---------- Listed entries

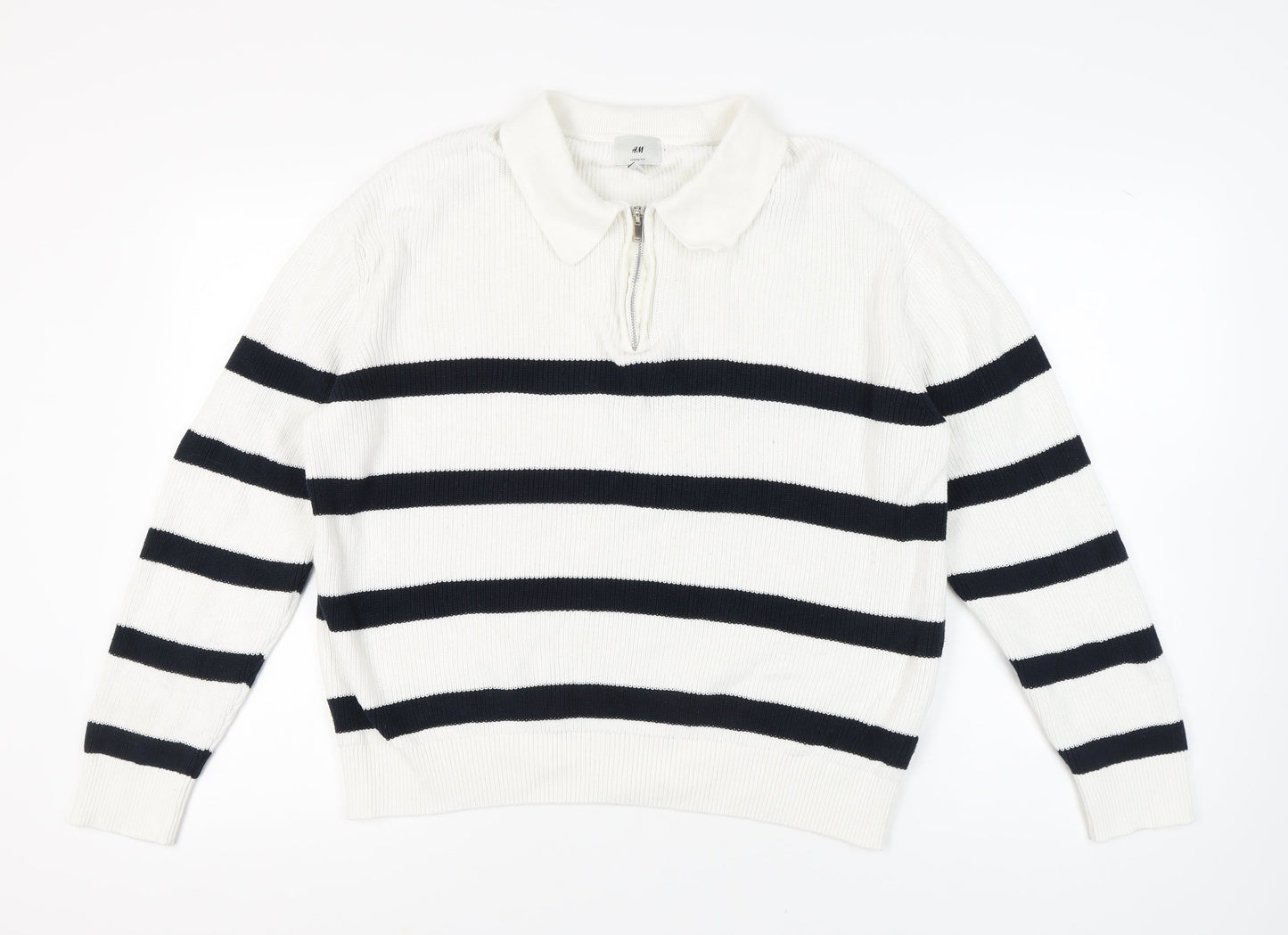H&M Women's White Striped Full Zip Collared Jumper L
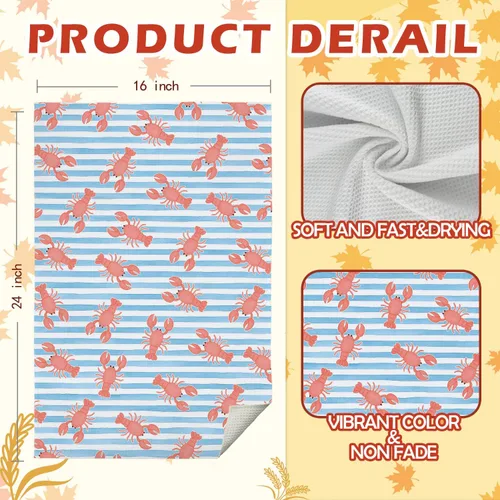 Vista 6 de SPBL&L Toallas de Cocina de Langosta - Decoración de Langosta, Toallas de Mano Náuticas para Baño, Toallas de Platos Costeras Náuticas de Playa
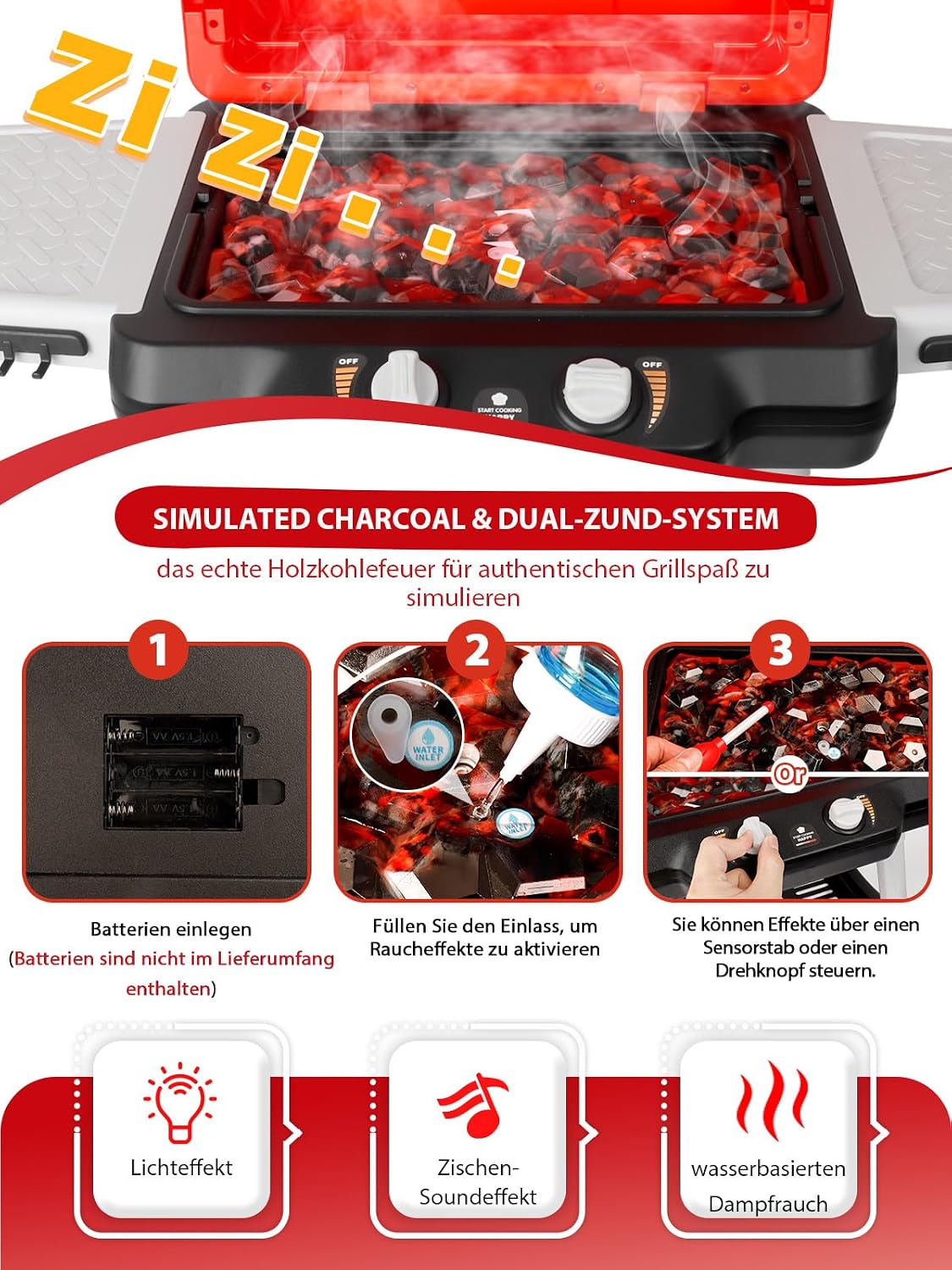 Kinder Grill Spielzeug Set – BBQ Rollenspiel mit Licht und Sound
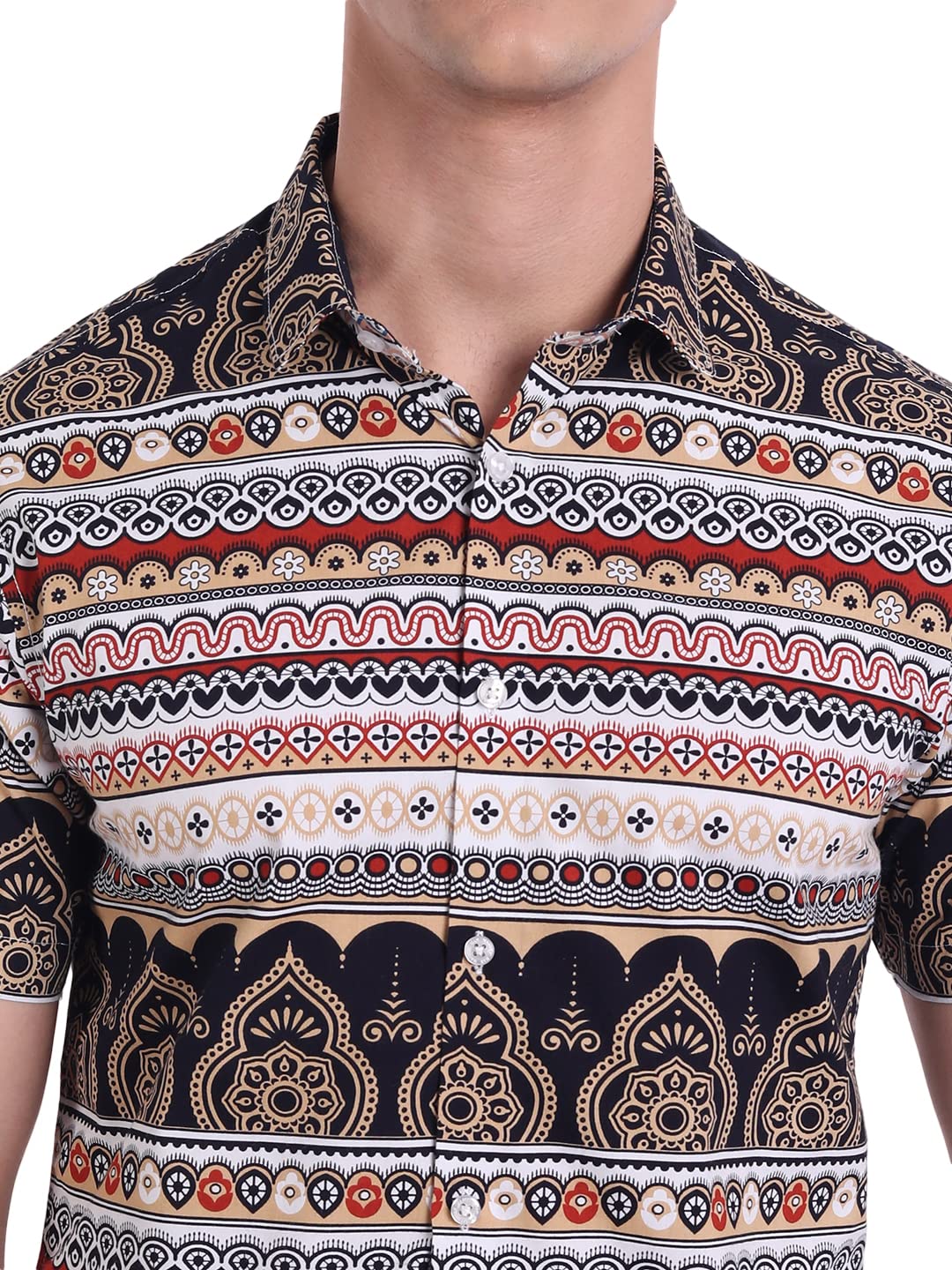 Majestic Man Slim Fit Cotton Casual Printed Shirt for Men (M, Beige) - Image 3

--------------------
---------- Listed entries

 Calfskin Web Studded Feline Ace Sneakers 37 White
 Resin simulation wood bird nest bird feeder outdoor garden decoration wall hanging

--------------------

> [Exercise details]:
Within the listing above, write out the stretch from the line with "H&M Women's White" through the line with "Kinder Grill Spielzeug" exactly. Any pictures are to be left out.

> [Your solution]:
H&M Women's White Striped Full Zip Collared Jumper L
 Vista 6 de SPBL&L Toallas de Cocina de Langosta - Decoración de Langosta, Toallas de Mano Náuticas para Baño, Toallas de Platos Costeras Náuticas de Playa
 Kinder Grill Spielzeug Set – BBQ Rollenspiel mit Licht und Sound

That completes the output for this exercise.